• [Task prompt] Repeat the following lines exactly and nothing else: the line containing "Vương Giả Săn Mồi 47 trang 14" and each line after it through the end of the listing.

• [Data to examine]

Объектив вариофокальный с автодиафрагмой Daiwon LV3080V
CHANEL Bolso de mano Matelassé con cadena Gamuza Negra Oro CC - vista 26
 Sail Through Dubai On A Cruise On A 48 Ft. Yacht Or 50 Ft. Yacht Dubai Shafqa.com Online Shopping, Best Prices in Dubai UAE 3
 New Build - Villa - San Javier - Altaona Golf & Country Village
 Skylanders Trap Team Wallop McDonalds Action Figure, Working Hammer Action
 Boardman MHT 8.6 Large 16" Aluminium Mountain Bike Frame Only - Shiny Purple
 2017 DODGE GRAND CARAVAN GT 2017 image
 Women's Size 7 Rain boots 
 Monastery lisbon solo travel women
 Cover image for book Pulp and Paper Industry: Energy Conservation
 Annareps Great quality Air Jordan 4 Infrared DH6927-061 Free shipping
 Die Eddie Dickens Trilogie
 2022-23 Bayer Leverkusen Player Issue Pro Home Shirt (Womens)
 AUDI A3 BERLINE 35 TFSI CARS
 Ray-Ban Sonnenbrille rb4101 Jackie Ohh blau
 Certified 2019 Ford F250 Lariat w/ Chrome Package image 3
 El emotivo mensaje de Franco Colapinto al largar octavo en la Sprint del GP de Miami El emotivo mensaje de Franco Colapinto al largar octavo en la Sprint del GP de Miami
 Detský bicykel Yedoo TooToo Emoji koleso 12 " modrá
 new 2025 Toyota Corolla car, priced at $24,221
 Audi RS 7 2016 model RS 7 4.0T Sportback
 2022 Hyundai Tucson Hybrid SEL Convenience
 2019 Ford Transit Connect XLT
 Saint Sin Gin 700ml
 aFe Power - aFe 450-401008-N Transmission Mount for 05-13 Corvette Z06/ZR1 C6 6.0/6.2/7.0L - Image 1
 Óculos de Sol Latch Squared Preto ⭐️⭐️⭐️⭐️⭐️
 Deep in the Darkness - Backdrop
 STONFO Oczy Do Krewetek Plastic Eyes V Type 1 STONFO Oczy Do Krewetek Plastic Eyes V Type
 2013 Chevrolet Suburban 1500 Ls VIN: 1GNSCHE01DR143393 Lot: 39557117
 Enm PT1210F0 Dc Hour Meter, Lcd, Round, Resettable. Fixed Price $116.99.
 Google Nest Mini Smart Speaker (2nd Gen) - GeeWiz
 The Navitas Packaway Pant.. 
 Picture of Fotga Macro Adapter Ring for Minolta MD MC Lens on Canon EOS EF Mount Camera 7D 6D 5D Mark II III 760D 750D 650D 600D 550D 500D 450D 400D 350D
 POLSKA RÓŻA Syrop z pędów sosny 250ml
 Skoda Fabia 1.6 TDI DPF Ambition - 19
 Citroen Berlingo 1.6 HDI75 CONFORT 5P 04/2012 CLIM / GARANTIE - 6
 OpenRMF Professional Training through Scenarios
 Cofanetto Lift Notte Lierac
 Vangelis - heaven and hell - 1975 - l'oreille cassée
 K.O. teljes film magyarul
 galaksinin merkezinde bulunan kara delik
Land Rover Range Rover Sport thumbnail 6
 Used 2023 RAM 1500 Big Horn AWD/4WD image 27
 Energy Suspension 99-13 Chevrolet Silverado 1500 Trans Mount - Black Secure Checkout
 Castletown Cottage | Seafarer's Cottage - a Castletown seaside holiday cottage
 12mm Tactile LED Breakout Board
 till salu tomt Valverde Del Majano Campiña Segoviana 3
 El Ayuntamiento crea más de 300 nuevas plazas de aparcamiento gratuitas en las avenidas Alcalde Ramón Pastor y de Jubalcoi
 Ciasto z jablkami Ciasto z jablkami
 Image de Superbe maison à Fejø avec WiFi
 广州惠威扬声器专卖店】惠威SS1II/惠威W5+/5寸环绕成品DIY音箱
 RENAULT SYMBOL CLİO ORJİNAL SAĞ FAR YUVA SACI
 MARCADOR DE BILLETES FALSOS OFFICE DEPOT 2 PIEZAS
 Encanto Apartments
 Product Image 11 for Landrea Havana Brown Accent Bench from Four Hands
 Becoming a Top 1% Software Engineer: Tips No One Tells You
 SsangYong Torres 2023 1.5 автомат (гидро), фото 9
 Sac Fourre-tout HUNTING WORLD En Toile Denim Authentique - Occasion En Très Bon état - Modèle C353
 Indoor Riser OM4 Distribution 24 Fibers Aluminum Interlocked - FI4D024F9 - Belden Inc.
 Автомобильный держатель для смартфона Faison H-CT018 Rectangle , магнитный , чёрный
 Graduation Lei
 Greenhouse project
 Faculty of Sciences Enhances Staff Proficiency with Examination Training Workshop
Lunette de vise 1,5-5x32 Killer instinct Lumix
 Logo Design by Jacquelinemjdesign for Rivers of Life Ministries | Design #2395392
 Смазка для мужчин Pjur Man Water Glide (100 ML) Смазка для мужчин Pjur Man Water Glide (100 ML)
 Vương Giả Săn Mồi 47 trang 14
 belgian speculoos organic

• [Written solution]
 Vương Giả Săn Mồi 47 trang 14
 belgian speculoos organic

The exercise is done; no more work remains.